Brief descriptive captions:

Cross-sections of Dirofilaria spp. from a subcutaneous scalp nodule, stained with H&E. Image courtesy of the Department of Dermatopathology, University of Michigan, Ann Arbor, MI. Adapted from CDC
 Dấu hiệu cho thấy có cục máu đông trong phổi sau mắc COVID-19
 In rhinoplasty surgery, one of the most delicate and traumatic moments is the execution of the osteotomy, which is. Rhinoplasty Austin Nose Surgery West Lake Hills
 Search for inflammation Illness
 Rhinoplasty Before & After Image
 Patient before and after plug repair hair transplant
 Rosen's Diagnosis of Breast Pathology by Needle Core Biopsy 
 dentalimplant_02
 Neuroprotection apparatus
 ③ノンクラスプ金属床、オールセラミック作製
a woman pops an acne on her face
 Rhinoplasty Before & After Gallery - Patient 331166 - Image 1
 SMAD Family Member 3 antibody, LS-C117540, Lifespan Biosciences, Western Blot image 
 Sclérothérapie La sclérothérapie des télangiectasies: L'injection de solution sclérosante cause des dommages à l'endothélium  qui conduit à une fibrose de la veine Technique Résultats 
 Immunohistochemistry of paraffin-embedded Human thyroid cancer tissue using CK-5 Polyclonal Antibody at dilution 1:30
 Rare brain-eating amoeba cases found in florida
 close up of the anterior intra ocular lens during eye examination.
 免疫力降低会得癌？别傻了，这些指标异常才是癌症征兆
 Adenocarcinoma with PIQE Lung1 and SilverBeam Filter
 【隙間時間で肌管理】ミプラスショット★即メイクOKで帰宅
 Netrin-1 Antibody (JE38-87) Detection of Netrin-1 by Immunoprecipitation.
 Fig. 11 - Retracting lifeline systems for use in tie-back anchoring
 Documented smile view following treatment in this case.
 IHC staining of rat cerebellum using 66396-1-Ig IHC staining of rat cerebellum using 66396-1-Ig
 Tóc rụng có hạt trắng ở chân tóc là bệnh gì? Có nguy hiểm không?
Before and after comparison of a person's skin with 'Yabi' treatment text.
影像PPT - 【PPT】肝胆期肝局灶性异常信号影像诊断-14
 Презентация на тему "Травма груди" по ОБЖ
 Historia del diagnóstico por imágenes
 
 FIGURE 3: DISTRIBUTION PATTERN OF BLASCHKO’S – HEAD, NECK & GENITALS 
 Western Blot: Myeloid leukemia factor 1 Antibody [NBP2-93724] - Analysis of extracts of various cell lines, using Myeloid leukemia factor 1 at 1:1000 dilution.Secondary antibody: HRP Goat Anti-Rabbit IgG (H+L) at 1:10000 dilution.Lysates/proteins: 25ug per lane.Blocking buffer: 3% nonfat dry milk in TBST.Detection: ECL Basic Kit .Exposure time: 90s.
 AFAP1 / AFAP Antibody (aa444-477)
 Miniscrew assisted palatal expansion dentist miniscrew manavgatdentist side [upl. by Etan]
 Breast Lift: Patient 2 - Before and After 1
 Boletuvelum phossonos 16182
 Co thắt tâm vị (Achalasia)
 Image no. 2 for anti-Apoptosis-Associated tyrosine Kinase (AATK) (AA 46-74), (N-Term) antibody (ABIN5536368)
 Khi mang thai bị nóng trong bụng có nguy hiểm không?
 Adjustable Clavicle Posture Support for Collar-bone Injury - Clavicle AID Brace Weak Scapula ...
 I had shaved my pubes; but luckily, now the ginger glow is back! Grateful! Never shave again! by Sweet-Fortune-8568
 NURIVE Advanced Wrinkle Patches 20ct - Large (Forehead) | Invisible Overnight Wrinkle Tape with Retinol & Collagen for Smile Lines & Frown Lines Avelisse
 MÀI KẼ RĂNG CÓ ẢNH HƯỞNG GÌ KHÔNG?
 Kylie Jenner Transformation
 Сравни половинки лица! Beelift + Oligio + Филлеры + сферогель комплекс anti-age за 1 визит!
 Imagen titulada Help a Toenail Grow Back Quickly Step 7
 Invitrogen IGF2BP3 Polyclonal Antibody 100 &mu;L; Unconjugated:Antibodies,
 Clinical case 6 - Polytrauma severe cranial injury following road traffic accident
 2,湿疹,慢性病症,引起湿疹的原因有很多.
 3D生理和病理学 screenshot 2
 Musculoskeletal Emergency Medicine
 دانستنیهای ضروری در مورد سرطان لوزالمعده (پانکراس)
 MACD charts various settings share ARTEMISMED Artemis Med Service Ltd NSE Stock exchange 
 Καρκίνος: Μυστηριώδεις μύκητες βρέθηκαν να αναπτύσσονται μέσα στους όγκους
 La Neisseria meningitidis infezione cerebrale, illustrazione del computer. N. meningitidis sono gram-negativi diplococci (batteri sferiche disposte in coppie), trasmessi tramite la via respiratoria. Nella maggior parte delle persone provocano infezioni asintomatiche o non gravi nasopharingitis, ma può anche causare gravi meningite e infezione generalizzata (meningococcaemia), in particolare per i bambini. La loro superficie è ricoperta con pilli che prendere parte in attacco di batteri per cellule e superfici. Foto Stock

### Requirement:
The lines running from the start of the data through the one that contains "免疫力降低会得癌？别傻了，这些指标异常才是癌症征兆" should be reproduced exactly, and only those.

### Answer for the task:
Cross-sections of Dirofilaria spp. from a subcutaneous scalp nodule, stained with H&E. Image courtesy of the Department of Dermatopathology, University of Michigan, Ann Arbor, MI. Adapted from CDC
 Dấu hiệu cho thấy có cục máu đông trong phổi sau mắc COVID-19
 In rhinoplasty surgery, one of the most delicate and traumatic moments is the execution of the osteotomy, which is. Rhinoplasty Austin Nose Surgery West Lake Hills
 Search for inflammation Illness
 Rhinoplasty Before & After Image
 Patient before and after plug repair hair transplant
 Rosen's Diagnosis of Breast Pathology by Needle Core Biopsy 
 dentalimplant_02
 Neuroprotection apparatus
 ③ノンクラスプ金属床、オールセラミック作製
a woman pops an acne on her face
 Rhinoplasty Before & After Gallery - Patient 331166 - Image 1
 SMAD Family Member 3 antibody, LS-C117540, Lifespan Biosciences, Western Blot image 
 Sclérothérapie La sclérothérapie des télangiectasies: L'injection de solution sclérosante cause des dommages à l'endothélium  qui conduit à une fibrose de la veine Technique Résultats 
 Immunohistochemistry of paraffin-embedded Human thyroid cancer tissue using CK-5 Polyclonal Antibody at dilution 1:30
 Rare brain-eating amoeba cases found in florida
 close up of the anterior intra ocular lens during eye examination.
 免疫力降低会得癌？别傻了，这些指标异常才是癌症征兆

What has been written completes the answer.